Section 13: Man’s intellect and effort to learn more about God from an external perspective is not always unfruitful but it is woefully ill prepared to attempt to do so. Often we do better when looking at earthly things than we do at heavenly things. Defining the two, Calvin states, “By earthly things, I mean those which relate not to God and his kingdom, to true righteousness and future blessedness, but have some connection with the present life, and are in a manner confined within its boundaries. By heavenly things, I mean the pure knowledge of God, the method of true righteousness, and the mysteries of the heavenly kingdom.” Universal consensus is that the seeds of both earthly and heavenly knowledge are implanted in each of us. People immediately launch from these seeds into quarrels and arguments and sometimes even wars over differing views on these matters. It reads as if Calvin is leading to the point where it is explained that without an outside perspective, one who is not influenced by the results, it is impossible to come to any agreement on the matter.

Section 14: Through investigating the arts, it is seen that while no one is a master of all, all have some aptitude toward some. Given that all people, when working in the arts, attempt to try something new it led Plato toward the erroneous conclusion, “that such knowledge was nothing but recollection.” This is an example of the fact that we have natural talents/gifts which are implanted in us by God.

Section 15: This reminds us that, when reading heathen writers that the human mind, however fallen and perverted, is still invested with gifts from God. They are still a reflection of God’s glory in that they are image bearers of God. Given that the Holy Spirit is the means by which God conveys all truth to us, we should be careful to say that no unconverted soul is capable of producing truth as that could lead you toward blasphemy (since God, working through the unconverted is revealing truth). “We cannot”, relates Calvin, “read the writings of the ancients on these subjects without the highest admiration; an admiration which their excellence will not allow us to withhold. But shall we deem anything to be noble and praiseworthy, without tracing it to the hand of God? Far from us be such ingratitude; an ingratitude not chargeable even on heathen poets, who acknowledged that philosophy and laws, and all useful arts were the inventions of the gods.”

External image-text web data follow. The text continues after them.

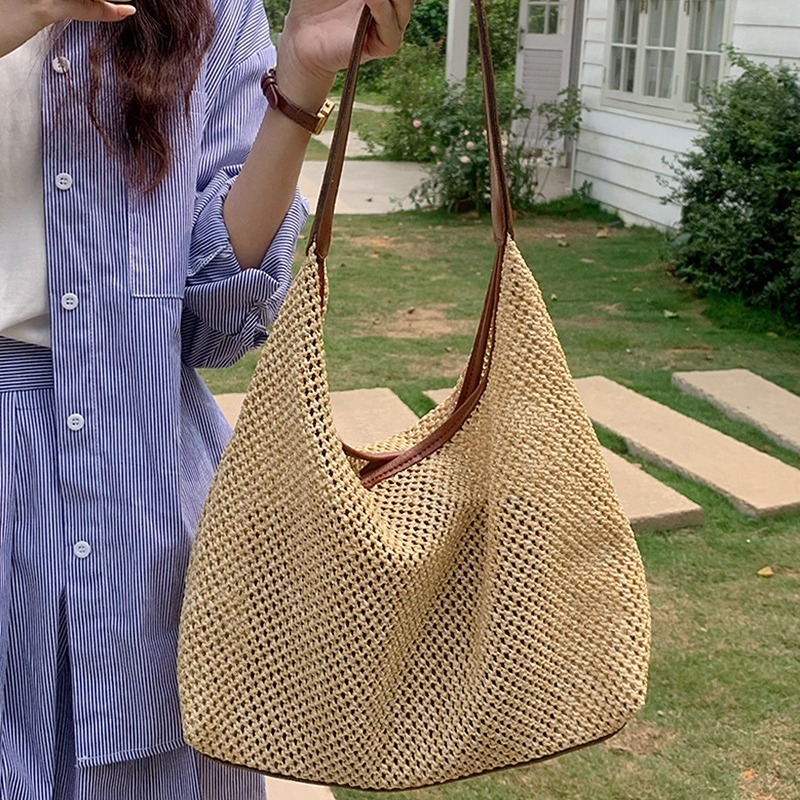 Handmade for women 2025 new trendy tote grass woven bag, versatile large capacity shoulder bag #swissmilitary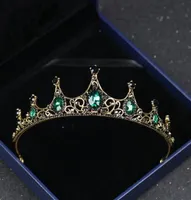 Vintage Wedding Crown Dark Green Rhinestone Beaded Hair Accessories pannband Band Crown Tiara Ribbon Headpiece Jewelry 8578174
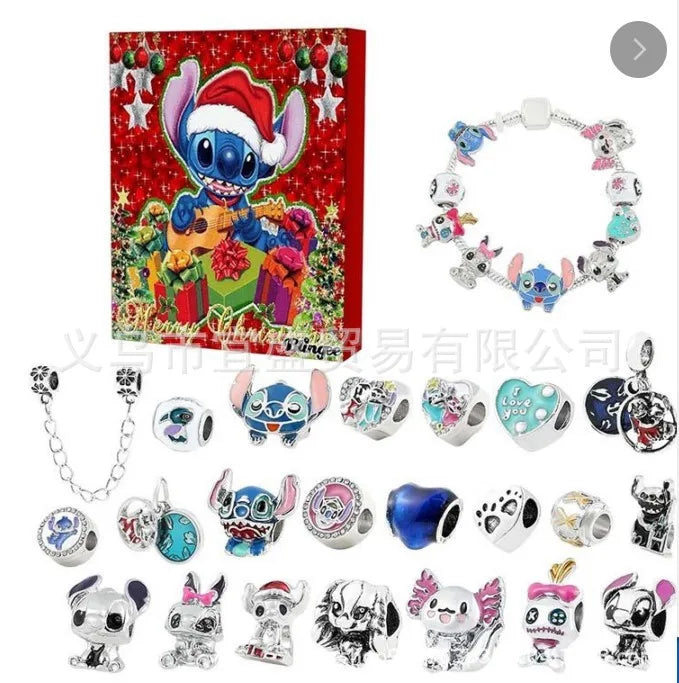 2024 Disney Christmas Angel Comes Jewelry Gift Box Anime Stitch Winnie The Pooh Mickey Kawaii DIY Beaded Bracelet Christmas Gift
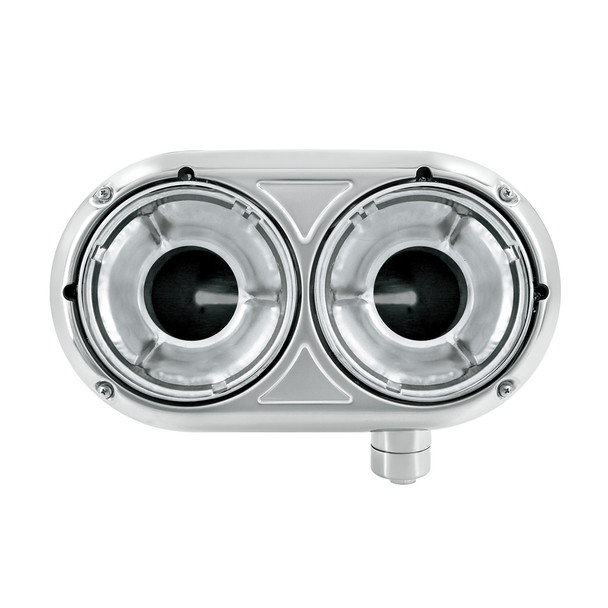 304 STAINLESS DUAL HEADLIGHT HOUSING WITH INNER LAMP BUCKET FOR PETERBILT 359 - PASSENGER
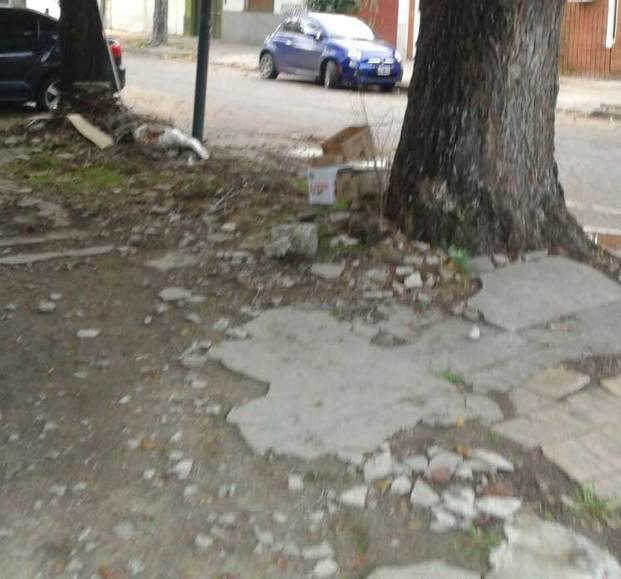 Vereda deteriorada en 22 y 67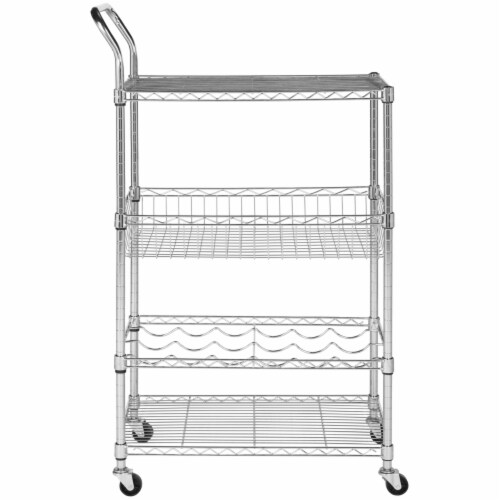 SAFAVIEH Carmen 4-Tier Chrome Wire Adjustable Cart Chrome Perspective: back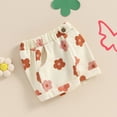 thumbnail image 2 of Toddler Baby Girl Floral Denim Shorts Summer Elastic Waist Flower Print Short Jeans Pull On Denim Shorts with Pockets, 2 of 7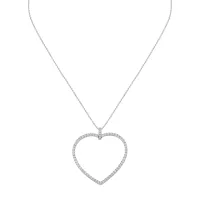 Pendentif cÅ_x0093_ur taille brillant en or blanc et diamants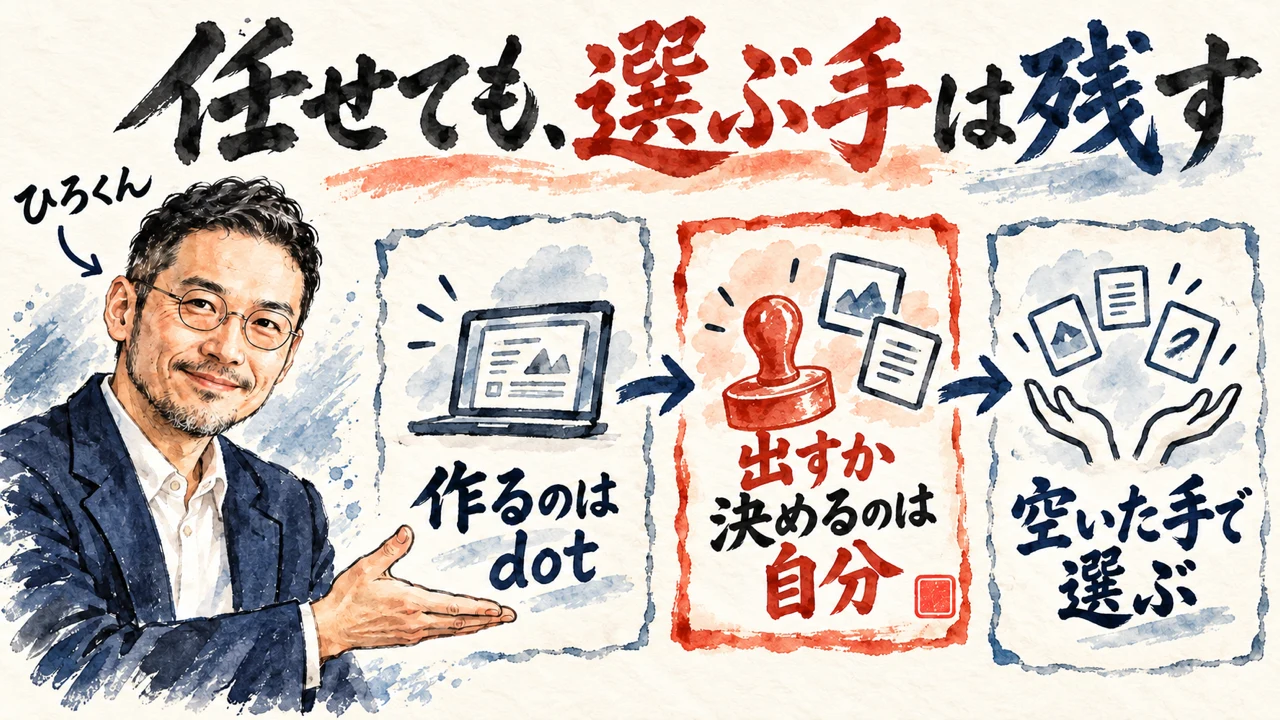 「任せても選ぶ手は残す」の図解。「作るのはdot」「出すか決めるのは自分」「空いた手で選ぶ」の三つの札が矢印で並ぶ。左にひろくん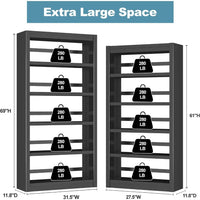 Two weight rack illustrations with dimensions labeled, showing 'Extra Large Space' at the top.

Section 16: Let us not forget the blessings that the Holy Spirit grants to whomever He wills for the common good of mankind. The construction of the temple (Exo 31:2; 35:30), for instance, shows us that God grants to us skills and knowledge necessary to perform specific tasks. The Bible states repeatedly that God directed the wills of the gentiles to perform tasks for Him, we also see them working to advance the areas of physics, dialectics, mathematics, and other sciences. Since all knowledge begins and ends with God, it can been seen clearly that God informs all mankind with this kindness – that we have the ability to learn about the earthly things. “Lest any one, however, should imagine a man to be very happy merely because, with reference to the elements of this world, he has been endued with great talents for the investigation of truth, we ought to add, that the whole power of intellect thus bestowed is, in the sight of God, fleeting and vain whenever it is not based on a solid foundation of truth.”

Section 17: Concluding the thoughts contained in these sections (12-17), Calvin states, “From a general survey of the human race, it appears that one of the essential properties of our nature is reason, which distinguishes us from the lower animals, just as these by means of sense are distinguished from inanimate objects. For although some individuals are born without reason, that defect does not impair the general kindness of God, but rather serves to remind us, that whatever we retain ought justly to be ascribed to the Divine indulgence.” Calvin then goes on to show that the Bible reveals to us numerous times where the Holy Spirit teaches, instructs, and leads us at the will of God to His ends (Judges 6:34; 1 Sam 10:26; 10:6; 16:13). God even causes people to wander for specific reasons that only He knows (Ps 107:40). Concluding this section, Calvin reveals that even in all of this, we can still trace some remnants of the divine image within us which distinguishes us from all other creatures.